At the end of it, David stood up and said, “Well, I’ve got to go . . . and”—he added as an afterthought—“um, you’ve got a big day of being president tomorrow.”
Everybody burst into laughter. Betty stood up and gave him a hug, and then Jerry grabbed him by the hands. “Will working for me be a problem for your colleagues?” he asked. “Because of everything that’s happened with Nixon?”
“No, no, Mr. President,” David said. “Not at all. They all like you and will be glad to have me as an advocate for them in the White House.” It almost brought tears to his eyes—that at the end of this long, emotion-filled day, the president would be concerned about him.
Finally, everyone was gone, and it was just Jerry and Betty, alone in their bed. Holding hands, they drifted off to sleep, knowing that, indeed, they had a big day of being president and first lady ahead.
The next morning, David Kennerly was at the Time office across from Lafayette Square, when an announcement came over the intercom.
“David Kennerly, call the operator.”
David got on the phone, and it was President Ford. Not a secretary; the president himself.
“Do you still want to come and work for me?” President Ford asked.
“Yeah, I’m ready to go.”
“Well, you better get over here right now,” Ford said. “You’ve already wasted half a day of the taxpayers’ money.”
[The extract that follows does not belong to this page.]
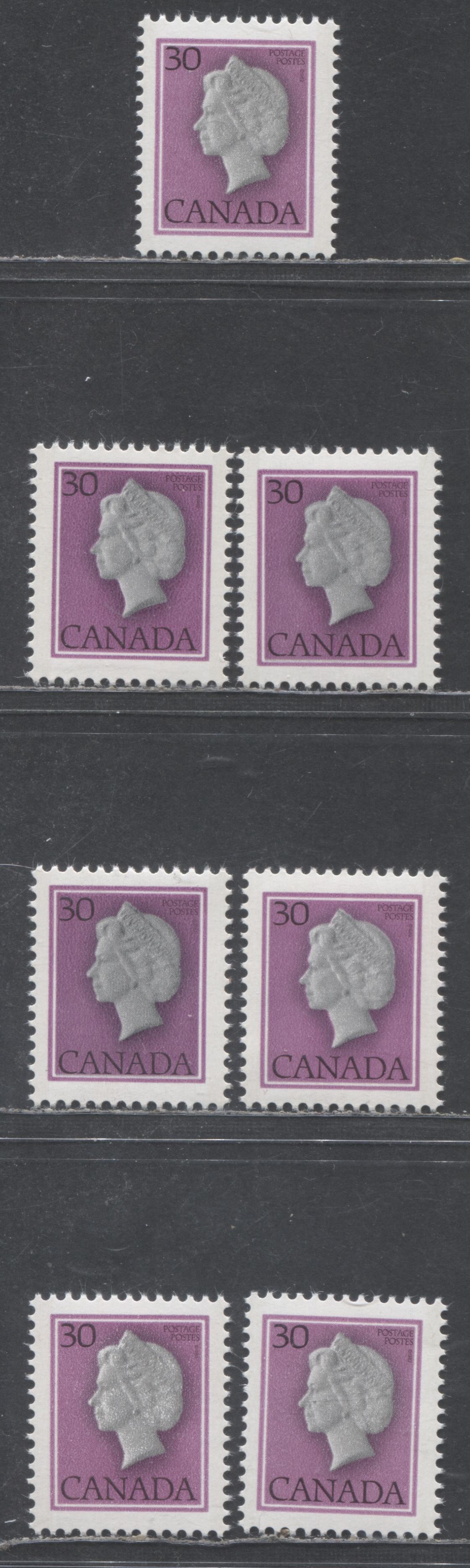 Lot 520 Canada #791, iv 30c Multicoloured Queen Elizabeth II, 1977-1982  Floral & Environment Issue, 7 VFNH Singles On Various DF/DF and DF/LF Papers, Including Flecked, Different Magenta Shades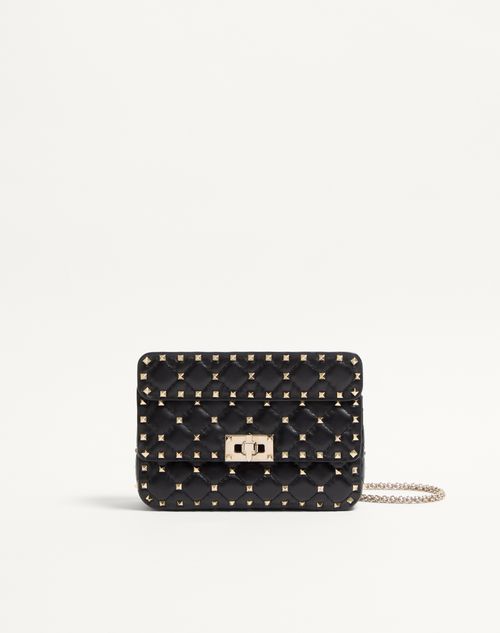 Valentino Garavani - Small Nappa Rockstud Spike Bag - Black - Woman - Shoulder Bags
“To this day, I think one of the deciding factors in me getting that job,” David said, “was the fact that I got along so well with Mrs. Ford. She had a great deal of influence on him.
“Being a photographer is an extremely intimate job,” he continued. “There is a trust factor because you are there for a lot of very personal moments.”
Indeed, within weeks, David Kennerly would find himself taking pictures of the president and first lady during some of the most emotional times of their lives.